▶ [WORK ITEM]: Repeat exactly the lines below that lie between the line with "Quantum Break Xbox One, Italy box back" and the line with "[CSCB2BK] Mini Cámara", counting both of those lines as part of the answer.
MATERIAL TO PROCESS: Begin
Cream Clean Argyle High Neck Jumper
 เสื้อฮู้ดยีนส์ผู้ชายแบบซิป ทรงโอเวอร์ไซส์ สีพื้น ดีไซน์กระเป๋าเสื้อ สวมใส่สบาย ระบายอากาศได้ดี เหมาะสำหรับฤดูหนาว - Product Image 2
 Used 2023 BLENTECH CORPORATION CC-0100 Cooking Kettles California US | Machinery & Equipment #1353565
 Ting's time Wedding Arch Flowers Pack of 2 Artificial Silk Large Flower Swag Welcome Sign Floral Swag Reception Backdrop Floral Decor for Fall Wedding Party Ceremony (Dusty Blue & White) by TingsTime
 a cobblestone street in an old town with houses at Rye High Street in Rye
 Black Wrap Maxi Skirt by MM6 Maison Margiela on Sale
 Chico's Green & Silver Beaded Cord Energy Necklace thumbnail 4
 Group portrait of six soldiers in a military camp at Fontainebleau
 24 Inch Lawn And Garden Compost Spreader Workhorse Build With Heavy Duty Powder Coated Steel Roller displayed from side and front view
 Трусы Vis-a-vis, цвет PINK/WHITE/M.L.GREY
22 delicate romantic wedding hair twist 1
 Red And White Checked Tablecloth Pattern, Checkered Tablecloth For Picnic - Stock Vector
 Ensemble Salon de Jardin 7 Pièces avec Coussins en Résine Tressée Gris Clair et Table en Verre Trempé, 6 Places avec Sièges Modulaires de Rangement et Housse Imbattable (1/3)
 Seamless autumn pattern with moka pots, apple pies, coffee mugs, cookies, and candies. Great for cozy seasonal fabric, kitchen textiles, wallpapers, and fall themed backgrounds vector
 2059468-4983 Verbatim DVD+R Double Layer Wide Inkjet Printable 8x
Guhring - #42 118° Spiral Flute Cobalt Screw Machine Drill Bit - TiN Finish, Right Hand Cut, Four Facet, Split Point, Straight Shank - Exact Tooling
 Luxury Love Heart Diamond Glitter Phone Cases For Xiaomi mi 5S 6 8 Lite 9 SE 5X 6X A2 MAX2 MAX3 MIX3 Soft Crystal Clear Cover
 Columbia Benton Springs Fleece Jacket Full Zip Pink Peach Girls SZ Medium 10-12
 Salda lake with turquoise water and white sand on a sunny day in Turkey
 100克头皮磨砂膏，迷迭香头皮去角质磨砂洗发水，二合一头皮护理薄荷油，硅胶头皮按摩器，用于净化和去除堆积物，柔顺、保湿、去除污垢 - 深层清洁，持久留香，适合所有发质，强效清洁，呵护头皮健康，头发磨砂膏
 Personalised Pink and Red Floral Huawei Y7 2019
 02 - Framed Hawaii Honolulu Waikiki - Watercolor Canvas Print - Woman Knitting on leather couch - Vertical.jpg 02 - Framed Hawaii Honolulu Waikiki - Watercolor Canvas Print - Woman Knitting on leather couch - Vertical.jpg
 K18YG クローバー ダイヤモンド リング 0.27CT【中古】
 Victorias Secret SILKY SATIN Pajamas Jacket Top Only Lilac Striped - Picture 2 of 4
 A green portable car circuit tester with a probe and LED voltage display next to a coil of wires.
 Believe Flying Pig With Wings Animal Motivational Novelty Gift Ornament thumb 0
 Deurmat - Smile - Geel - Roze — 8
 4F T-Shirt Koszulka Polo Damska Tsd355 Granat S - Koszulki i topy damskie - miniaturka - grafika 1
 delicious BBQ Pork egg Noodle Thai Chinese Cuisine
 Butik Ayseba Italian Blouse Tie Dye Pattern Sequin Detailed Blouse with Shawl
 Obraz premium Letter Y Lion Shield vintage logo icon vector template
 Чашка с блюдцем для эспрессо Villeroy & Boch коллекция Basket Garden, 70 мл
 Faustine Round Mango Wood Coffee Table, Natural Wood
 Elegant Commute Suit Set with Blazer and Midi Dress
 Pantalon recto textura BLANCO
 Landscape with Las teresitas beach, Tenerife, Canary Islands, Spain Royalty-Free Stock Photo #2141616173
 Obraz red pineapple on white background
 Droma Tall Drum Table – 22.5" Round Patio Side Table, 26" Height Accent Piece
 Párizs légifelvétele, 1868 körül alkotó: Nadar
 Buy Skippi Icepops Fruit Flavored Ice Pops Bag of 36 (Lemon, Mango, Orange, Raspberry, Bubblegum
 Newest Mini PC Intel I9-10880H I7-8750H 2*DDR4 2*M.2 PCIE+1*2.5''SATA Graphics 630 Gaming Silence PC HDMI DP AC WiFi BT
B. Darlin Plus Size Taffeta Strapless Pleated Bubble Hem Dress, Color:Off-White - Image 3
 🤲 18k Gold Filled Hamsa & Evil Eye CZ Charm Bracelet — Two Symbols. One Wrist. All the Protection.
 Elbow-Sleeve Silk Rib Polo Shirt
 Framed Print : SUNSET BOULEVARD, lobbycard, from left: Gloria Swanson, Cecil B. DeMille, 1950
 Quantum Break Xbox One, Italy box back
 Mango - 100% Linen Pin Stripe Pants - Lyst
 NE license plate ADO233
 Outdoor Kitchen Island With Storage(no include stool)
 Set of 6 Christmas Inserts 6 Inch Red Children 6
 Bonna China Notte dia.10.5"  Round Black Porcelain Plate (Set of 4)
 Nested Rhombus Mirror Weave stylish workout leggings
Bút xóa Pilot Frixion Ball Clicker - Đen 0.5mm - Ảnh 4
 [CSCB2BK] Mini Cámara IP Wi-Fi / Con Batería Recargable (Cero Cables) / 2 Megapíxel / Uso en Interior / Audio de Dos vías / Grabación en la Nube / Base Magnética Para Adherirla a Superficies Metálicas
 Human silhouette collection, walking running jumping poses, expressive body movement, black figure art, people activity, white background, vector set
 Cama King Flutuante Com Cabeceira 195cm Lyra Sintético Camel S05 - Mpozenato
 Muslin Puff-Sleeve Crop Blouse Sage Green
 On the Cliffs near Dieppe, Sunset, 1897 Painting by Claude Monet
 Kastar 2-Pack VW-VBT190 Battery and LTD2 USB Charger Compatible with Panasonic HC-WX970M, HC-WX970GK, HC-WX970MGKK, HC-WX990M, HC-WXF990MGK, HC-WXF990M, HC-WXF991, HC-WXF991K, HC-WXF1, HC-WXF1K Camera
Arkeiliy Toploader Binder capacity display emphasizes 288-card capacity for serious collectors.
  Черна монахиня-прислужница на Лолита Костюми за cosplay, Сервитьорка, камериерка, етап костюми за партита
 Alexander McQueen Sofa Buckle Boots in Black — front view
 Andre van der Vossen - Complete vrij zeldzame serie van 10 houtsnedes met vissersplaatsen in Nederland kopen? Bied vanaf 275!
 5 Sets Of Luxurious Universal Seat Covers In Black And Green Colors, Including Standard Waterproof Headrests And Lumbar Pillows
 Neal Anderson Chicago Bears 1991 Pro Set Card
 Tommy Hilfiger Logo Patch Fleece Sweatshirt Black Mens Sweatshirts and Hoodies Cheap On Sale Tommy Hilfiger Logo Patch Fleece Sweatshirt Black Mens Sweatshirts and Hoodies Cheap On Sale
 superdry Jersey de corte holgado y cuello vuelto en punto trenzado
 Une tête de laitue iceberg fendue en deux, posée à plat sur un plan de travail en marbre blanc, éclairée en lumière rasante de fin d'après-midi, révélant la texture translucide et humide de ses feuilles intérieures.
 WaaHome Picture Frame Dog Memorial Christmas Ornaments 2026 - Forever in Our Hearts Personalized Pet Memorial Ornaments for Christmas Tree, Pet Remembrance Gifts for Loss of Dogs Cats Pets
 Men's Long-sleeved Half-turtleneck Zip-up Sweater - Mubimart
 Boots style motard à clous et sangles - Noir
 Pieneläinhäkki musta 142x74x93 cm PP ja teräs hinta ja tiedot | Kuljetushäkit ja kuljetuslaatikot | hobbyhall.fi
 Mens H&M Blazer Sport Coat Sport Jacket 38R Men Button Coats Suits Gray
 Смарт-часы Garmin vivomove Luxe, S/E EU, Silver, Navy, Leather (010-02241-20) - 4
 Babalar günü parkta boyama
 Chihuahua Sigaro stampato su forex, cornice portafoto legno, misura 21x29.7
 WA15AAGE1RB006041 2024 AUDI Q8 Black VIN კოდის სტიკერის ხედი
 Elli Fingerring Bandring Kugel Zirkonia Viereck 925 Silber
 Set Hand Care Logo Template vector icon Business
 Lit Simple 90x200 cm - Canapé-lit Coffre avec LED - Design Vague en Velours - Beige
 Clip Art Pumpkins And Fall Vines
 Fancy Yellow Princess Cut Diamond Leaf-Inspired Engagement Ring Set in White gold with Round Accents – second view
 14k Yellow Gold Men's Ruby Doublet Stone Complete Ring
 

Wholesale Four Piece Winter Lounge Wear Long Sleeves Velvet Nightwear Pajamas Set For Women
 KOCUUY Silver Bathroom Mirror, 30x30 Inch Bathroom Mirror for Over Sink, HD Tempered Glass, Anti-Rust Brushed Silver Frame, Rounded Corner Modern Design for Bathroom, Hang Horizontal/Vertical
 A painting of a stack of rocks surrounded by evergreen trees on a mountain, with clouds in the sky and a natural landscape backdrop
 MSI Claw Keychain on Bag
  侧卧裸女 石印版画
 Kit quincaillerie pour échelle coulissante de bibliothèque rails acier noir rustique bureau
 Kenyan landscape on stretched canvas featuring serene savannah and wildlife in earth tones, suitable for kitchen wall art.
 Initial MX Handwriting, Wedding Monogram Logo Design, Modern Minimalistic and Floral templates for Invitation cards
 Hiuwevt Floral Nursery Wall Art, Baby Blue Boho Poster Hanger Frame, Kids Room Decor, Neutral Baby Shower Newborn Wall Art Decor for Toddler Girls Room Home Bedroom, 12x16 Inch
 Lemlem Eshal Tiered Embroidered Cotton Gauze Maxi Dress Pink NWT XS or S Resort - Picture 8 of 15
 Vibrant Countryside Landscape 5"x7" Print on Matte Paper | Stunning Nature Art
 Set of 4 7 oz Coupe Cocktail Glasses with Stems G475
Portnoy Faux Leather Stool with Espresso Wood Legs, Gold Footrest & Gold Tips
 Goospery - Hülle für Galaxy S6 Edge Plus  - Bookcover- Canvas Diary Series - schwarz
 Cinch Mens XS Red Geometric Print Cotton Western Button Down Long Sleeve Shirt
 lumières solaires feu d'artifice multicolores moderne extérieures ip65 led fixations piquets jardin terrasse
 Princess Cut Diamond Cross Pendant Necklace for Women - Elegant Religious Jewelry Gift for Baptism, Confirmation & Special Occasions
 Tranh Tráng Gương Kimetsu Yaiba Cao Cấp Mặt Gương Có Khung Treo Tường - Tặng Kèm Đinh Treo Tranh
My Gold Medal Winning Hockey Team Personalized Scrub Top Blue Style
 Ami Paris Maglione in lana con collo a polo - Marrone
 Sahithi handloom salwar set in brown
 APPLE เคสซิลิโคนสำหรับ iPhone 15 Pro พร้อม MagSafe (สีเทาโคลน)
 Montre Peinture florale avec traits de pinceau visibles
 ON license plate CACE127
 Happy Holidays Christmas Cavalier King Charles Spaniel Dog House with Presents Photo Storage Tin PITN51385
MATERIAL TO PROCESS: End
▶ [TASK ANSWER]:
 Quantum Break Xbox One, Italy box back
 Mango - 100% Linen Pin Stripe Pants - Lyst
 NE license plate ADO233
 Outdoor Kitchen Island With Storage(no include stool)
 Set of 6 Christmas Inserts 6 Inch Red Children 6
 Bonna China Notte dia.10.5"  Round Black Porcelain Plate (Set of 4)
 Nested Rhombus Mirror Weave stylish workout leggings
Bút xóa Pilot Frixion Ball Clicker - Đen 0.5mm - Ảnh 4
 [CSCB2BK] Mini Cámara IP Wi-Fi / Con Batería Recargable (Cero Cables) / 2 Megapíxel / Uso en Interior / Audio de Dos vías / Grabación en la Nube / Base Magnética Para Adherirla a Superficies Metálicas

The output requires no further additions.